But these thoughts that tortured the “mother” in me this week, well… they didn’t happen to me.
They have and are however, happening to other mothers. And that doesn’t break me. It shatters me.
Last night, I put my child in her bed. I placed warm blankets over her. I kissed her cheeks and her tiny nose. I sang her our favorite lullaby. I told her that I loved her and that she made me happy.
I wonder what that mother did last night. I wonder how she managed without her child in her arms. I wonder how that precious child fared last night. I wonder if it cried itself to sleep.
Why has that mother been destined to a different fate than I?
Is it because she is brown?
Is it because she is poor?
Is it because she is out of options?
Is it because she didn’t have the fortune of being born in this country?
Is it because her native lands aren’t safe for her and her child?
Is it because she did the only thing she could to help her child live a better life?
To to live at all?
You see, to me — those are reasons to help this mother and her children. Those are reasons to embrace her. Those are reasons to give her comfort and shelter. Those are reasons to show her love and mercy. Those are reasons to care.
But our country’s leaders see those reasons as cause to persecute her. Reasons to treat her a subhuman. Reasons to punish her. Reasons to belittle her. Reasons to actively do her harm.
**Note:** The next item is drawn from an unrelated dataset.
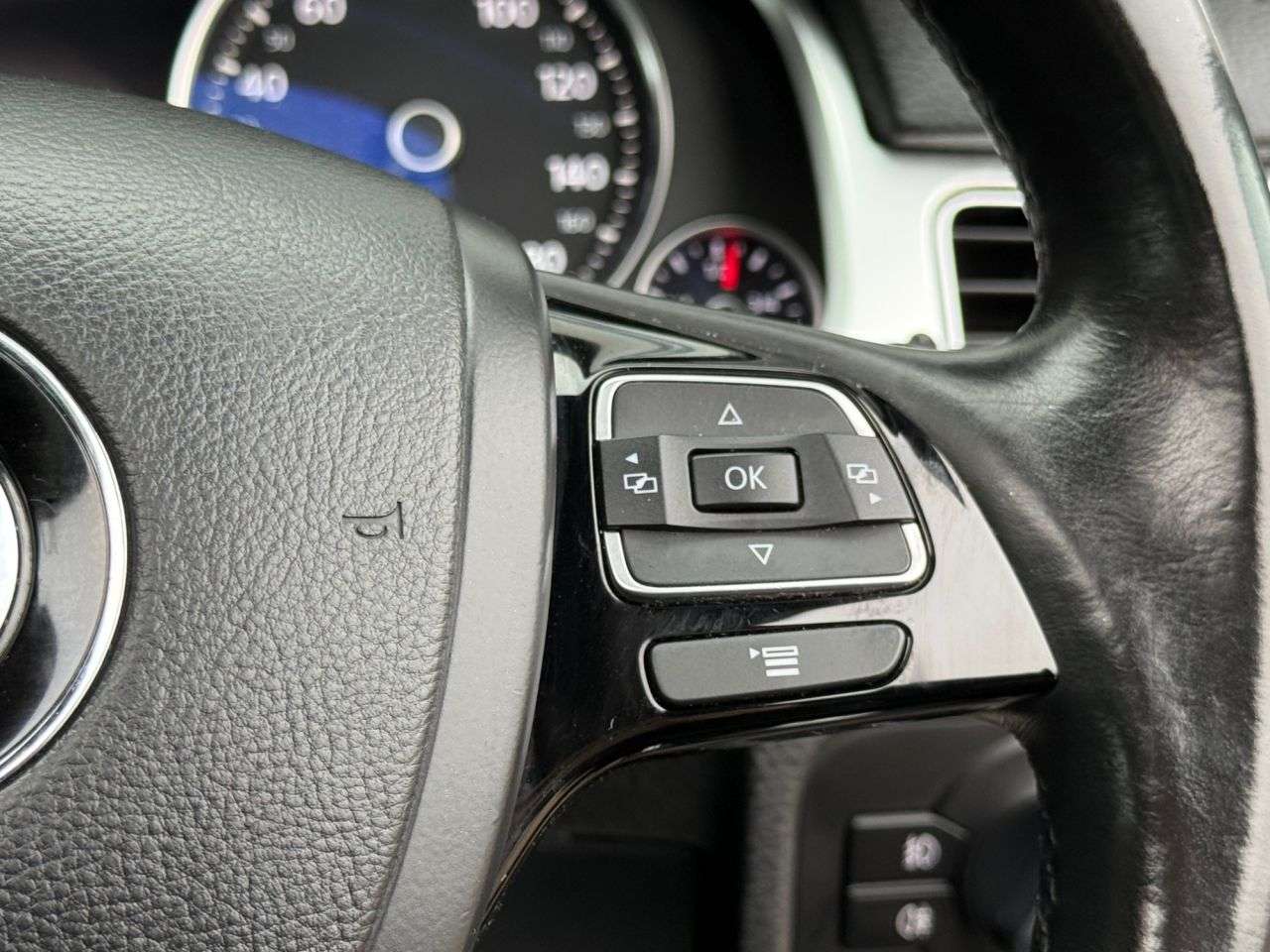 2016 VOLKSWAGEN TOUAREG 2016 VOLKSWAGEN TOUAREG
Honestly, I don’t care about your political identification today. I don’t care how you voted in 2016. I don’t care if you identify as pro-life or pro-choice. I don’t care what church or religious persuasion (if any) you find solace in. I don’t. Not even a little.
I do however, care if you cannot find love and mercy in your heart for this woman. For these women. For these children. For these families. If you cannot? Well, I think there is a very special place in hell for you.
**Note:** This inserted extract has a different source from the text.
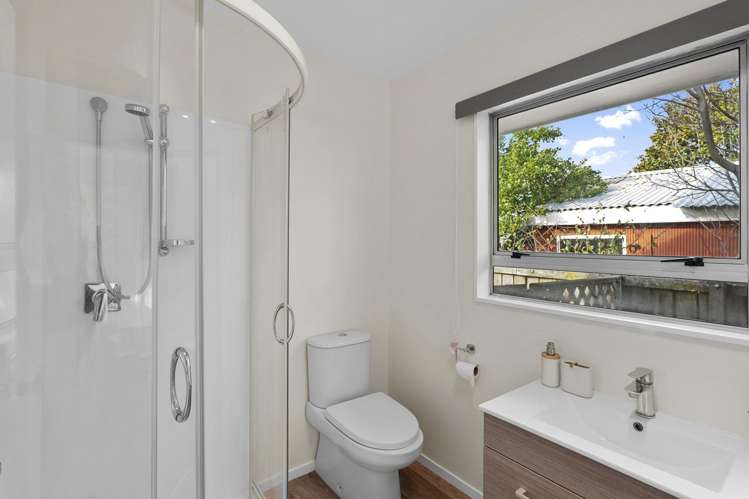 221 Breezes Road Wainoni_10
And if you do find love and mercy in your heart, I care that you act on it.
Call your Senators. Call your Representative.
Post about it online. Raise hell.
Demand that our government find love and mercy as well. Demand it. Demand it over and over again until this madness ends.
Silence is complicity.
Do you want to be complicit in this human rights violation?
The mother in me continues to rage and weep. But she also is taking action.
Please, for the love of God and His people, join her.